Hal ini diungkapkan oleh S. L., seorang mahasiswa di Poltekkes Tasikmalaya yang berbagi pengalamannya sebagai anak rantau. Perbedaan antara kehidupan di rumah dan kamar kos terasa sejak awal.
“Perbedaan yang paling terasa itu suasana. Kalau di rumah ramai, dan saya punya adik jadi bisa bermain. Kalau di kos harus memikirkan mau beli makanan apa, berbeda dengan di rumah yang hanya tinggal makan,” ujar S. L.
Suasana yang sepi di kos membuat S. L. harus menghadapi tantangan baru. Sering kali, ia merasa kesepian dan bingung mencari kegiatan saat senggang. “Kalau di kos itu bingung mau ngapain, sehingga akhirnya hanya bermain ponsel,” tambahnya.
Rasa homesick atau rindu rumah terasa bagi S. L. saat hari libur, apalagi jika liburnya lama. Momen santai yang seharusnya menjadi jeda justru menjadi pengingat akan suasana kebersamaan di rumah.
Menariknya, S. L. berpendapat bahwa banyaknya tugas kuliah di bidang kesehatan yang terkenal padat dan menuntut ketelitian tinggi, justru tidak berhubungan dengan rasa kangennya, melainkan memengaruhi waktu untuk memikirkannya.
“Menurut saya, tidak ada hubungannya (tugas dengan rasa homesick). Tetapi kalau banyak tugas pasti lelah, jadi tidak ada waktu untuk memikirkan pulang,” jelas S. L.
Intinya, kesibukan akademik yang luar biasa padat, dengan fokus pada tugas dan deadline, secara tidak langsung membuat mahasiswa lupa rumah karena energi dan pikiran terkuras habis. Saat homesick melanda dan kebetulan ada waktu luang, satu-satunya cara jitu yang ia lakukan untuk mengobati kerinduan adalah dengan pulang ke rumah.
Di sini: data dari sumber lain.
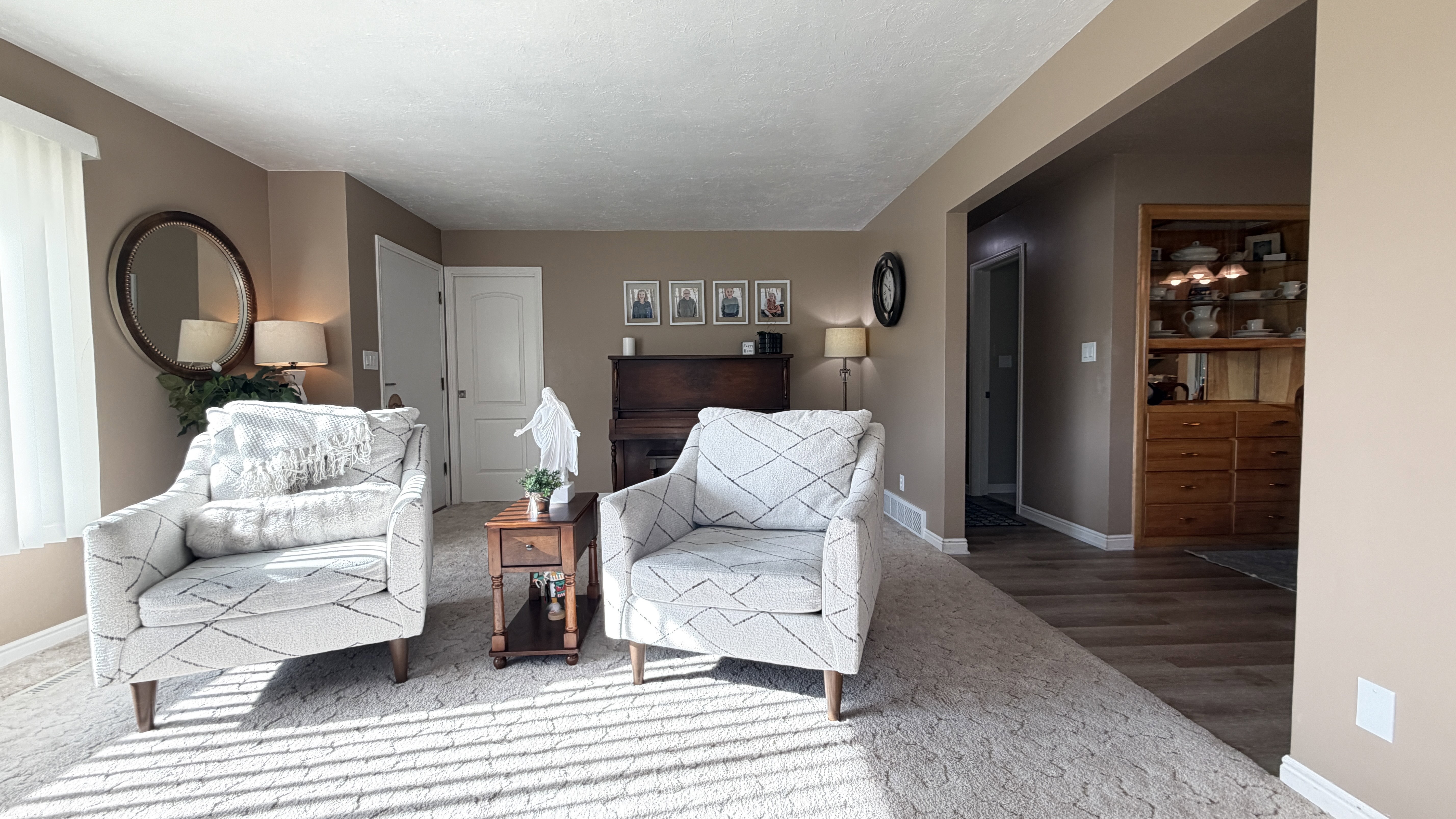 Entry formal and Family room with large windows and opened to the dining area.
Untuk mahasiswa yang baru merantau, S. L. memberikan pesan penyemangat dan tips sederhana. “Semangat ya! Awal-awal pasti berat, tetapi jangan khawatir, semua orang juga merasakannya. Tipsnya, jalanin seperti hari-hari biasa, jangan terlalu dipikirin. Awal-awal pasti mengeluh tetapi tetap saja harus dikerjakan, bukan?”
Di akhir wawancara, S. L. juga menyampaikan pesan positif untuk dirinya yang sekarang, menunjukkan adanya pertumbuhan diri selama masa perantauan. “Terimakasih karena telah berubah menjadi orang yang lebih percaya diri, berani berbaur dengan orang lain, dan saya menyukai diri saya yang sekarang. Ke depannya, semoga bisa menjadi pribadi yang baik lagi,” tutupnya.